Speaking for the minority, Lent chastised the subcommittee for spending 10 days on NCAA hearings, calling them a "waste of time... overblown and misdirected." He was especially critical of the majority's threat to legislate NCAA reforms.
"I feel that these bullying tactics are out of place in San Francisco," Lent said. "This is not Tehran or Phnom Penh or some place where the federal government can make threats like that."
"It is shameful that the NCAA was dragged through that mire of bad publicity," Lent said. "It is shameful that the NCAA should be the target of such a hatchet job by an arm of the Congress. Our subcommittee would have better occupied its time on more serious problems confronting our nation."
The NCAA Council, in response to a subcommittee request, already has reviewed and rejected some of the proposals made by witnesses before the subcommittee, proposals that again are made in the majority report. The Council, has, however, put six proposals on the convention agenda that relate to the recommendations.
At issue during the hearings and again today was the question of whether the NCAA provided basic fairness and "due process" rights in its investigations of alleged rule violations and in its subsequent disciplinary proceedings.
Almost all of the 41 congressional witnesses said the system is inherently unfair, and the majority report so concluded, but also noted that in some instances there is only an appearance of unfairness. The minority concluded that the NCAA is fair, but does have some appearance problems.
Of the six issues they disagree on, the two sides clash most on the majority's call for "joint and simultaneous investigations" of witnesses by the NCAA and accused member-school, and requiring the NCAA to make ineligibility declarations.
On the former, the minority contends such a procedure would unnecessarily interfere with enforcement efforts and might preclude the discovery of evidence clearing someone of alleged guilt. The majority contends it would reduce credibility problems and eliminate the introduction of evidence based on hearsay and recollection.
The minority argument against the second proposal is that is undermines the self-policing philosophy of the NCAA code that makes member-schools responsible for students' and coaches' conduct and eligibility. The majority contends that since it is the NCAA that actually makes findings of guilt and assesses the penalties, it should be responsible for its actions -- a position that would make the NCAA legally, and, presumably, financially liable.
Aside from the blue-ribbon panel proposal, the minority disagreed with the majority's recommendations to let all affected parties -- including "boosters" -- in an investigation participate, with counsel in the NCAA disciplinary hearing; establish a list of set penalties for "minor" and "major" violations, revise and recodify its rules.
Significantly, both the majority and minority reports agreed there is no NCAA "hit list," and both were elaborate in praising the personal integrity of those involved in the NCAA "judicial system." The majority went on to make several other recommendations in which the minority concurred either fully or in principle:
The separation of functions of the infractions committee (judge) and the NCAA enforcement staff (investigator and prosecutor).
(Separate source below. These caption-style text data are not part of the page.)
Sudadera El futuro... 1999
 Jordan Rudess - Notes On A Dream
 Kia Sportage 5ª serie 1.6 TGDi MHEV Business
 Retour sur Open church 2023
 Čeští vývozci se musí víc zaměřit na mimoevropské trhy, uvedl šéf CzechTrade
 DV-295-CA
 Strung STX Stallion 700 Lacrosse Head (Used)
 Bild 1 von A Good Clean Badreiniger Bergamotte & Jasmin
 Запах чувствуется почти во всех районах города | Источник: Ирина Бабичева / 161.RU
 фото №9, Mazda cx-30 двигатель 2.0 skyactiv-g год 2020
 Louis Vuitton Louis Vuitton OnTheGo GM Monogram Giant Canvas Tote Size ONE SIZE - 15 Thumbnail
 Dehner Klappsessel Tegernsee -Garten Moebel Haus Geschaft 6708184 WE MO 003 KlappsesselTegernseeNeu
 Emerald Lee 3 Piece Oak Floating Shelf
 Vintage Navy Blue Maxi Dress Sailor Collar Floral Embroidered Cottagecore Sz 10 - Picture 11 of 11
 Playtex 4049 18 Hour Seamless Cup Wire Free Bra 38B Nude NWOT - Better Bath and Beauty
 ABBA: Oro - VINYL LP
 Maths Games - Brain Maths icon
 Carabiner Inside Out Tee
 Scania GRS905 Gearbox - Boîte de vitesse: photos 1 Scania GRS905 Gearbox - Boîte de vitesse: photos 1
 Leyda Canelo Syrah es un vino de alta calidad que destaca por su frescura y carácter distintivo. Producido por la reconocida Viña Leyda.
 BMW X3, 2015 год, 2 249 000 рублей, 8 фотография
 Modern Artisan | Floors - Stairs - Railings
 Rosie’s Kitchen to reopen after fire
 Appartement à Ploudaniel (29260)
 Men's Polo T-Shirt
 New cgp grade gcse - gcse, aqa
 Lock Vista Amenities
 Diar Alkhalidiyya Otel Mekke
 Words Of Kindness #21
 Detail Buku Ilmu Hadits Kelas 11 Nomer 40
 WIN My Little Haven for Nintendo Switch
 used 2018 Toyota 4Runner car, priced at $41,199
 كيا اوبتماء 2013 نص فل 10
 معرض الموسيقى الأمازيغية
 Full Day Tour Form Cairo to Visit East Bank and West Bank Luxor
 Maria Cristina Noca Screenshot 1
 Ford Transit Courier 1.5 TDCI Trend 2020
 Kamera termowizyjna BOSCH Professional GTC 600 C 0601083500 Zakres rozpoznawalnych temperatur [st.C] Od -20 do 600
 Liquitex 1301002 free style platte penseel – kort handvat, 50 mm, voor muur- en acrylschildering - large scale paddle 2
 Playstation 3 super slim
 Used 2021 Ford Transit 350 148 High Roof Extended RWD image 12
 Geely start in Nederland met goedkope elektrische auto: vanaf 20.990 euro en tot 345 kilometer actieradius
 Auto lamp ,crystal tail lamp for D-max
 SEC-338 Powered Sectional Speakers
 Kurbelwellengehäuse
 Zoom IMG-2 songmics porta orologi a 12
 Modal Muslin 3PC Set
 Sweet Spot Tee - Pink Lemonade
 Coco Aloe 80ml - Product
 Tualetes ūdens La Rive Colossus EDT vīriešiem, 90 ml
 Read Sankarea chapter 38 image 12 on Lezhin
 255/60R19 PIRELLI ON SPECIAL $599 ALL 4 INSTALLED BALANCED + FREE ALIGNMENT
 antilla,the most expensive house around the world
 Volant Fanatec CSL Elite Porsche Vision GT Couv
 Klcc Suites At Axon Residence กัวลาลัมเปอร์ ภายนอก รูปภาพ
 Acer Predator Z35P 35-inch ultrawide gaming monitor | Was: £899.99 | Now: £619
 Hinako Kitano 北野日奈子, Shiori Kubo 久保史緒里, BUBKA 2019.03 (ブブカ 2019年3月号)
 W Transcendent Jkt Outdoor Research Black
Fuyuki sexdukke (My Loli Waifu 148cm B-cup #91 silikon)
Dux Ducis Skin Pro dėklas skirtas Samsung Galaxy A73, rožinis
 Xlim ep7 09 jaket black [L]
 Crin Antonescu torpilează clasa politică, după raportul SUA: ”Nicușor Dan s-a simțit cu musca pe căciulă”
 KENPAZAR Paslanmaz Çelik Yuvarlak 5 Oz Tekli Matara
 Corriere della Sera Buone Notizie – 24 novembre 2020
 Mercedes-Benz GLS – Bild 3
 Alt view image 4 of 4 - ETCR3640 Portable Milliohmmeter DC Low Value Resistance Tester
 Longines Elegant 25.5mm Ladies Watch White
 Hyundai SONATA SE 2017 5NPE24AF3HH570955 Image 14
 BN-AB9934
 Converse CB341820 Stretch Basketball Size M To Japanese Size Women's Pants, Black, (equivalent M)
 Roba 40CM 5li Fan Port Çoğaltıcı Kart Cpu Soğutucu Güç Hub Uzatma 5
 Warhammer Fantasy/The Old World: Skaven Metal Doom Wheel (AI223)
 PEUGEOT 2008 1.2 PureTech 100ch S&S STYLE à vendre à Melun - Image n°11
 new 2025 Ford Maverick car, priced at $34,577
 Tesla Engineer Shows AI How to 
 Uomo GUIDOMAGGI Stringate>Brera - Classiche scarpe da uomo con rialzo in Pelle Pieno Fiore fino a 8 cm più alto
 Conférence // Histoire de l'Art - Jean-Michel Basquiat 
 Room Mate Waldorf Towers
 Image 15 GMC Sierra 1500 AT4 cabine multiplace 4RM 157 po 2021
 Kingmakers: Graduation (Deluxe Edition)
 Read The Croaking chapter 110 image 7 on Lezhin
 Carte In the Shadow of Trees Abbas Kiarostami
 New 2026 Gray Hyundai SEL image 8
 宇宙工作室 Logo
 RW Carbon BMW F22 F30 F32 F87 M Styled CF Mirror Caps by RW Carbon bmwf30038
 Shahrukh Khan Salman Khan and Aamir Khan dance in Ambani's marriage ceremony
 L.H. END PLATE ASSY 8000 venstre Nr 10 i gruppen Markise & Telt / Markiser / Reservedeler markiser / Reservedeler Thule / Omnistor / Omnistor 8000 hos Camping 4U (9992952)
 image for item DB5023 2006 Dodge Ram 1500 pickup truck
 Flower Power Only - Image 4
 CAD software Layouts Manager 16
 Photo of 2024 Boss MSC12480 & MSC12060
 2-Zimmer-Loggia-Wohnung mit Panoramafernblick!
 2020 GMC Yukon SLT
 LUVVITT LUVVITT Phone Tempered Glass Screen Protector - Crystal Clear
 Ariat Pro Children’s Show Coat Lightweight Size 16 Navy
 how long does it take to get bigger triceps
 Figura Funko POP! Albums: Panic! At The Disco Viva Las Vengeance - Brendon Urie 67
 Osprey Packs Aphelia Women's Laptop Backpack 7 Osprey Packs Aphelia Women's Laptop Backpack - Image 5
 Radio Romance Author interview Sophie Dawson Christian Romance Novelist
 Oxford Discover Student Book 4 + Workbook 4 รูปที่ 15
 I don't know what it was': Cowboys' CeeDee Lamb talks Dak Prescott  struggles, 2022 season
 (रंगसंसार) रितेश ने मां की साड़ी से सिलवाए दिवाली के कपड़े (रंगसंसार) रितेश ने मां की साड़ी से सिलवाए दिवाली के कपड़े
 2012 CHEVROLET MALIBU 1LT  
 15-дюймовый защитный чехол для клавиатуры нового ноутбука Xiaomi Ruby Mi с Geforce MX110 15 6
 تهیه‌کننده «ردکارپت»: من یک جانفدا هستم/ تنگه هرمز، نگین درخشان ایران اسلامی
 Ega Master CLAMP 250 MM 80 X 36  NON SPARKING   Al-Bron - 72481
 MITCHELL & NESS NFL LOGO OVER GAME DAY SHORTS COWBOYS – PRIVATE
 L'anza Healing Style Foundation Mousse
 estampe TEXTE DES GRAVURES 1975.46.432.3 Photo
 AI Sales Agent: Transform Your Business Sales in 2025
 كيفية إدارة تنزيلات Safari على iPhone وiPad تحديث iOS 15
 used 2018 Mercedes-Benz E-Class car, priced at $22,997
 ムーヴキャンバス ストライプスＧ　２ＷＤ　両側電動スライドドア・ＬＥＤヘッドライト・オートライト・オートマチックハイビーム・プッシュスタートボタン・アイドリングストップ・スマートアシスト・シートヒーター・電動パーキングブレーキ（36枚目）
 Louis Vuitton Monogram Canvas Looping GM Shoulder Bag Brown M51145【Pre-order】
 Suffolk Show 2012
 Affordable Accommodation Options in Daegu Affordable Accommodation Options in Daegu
The staff should be supervised by a new NCAA group completely separate from the committee. That new unit, acting like a grand jury, would decide if formal investigations are to be made.
There should be specific, published evidentiary standards for hearings. The burden of proving guilt, moreover, must be on the enforcement staff. The majority found that there is a prevailing sense of "guilty" until proven innocent" in the NCAA hearings.
A section of the code allowing additional penalties to colleges that challenge the NCAA in court and lose must be repealed.
There should be established standards of what the NCAA Council will review in a case when hearing an appeal.
There should be a statute of limitations on uncovering violations and on the period between the initial notice that an investigation is under way and its eventual conclusion.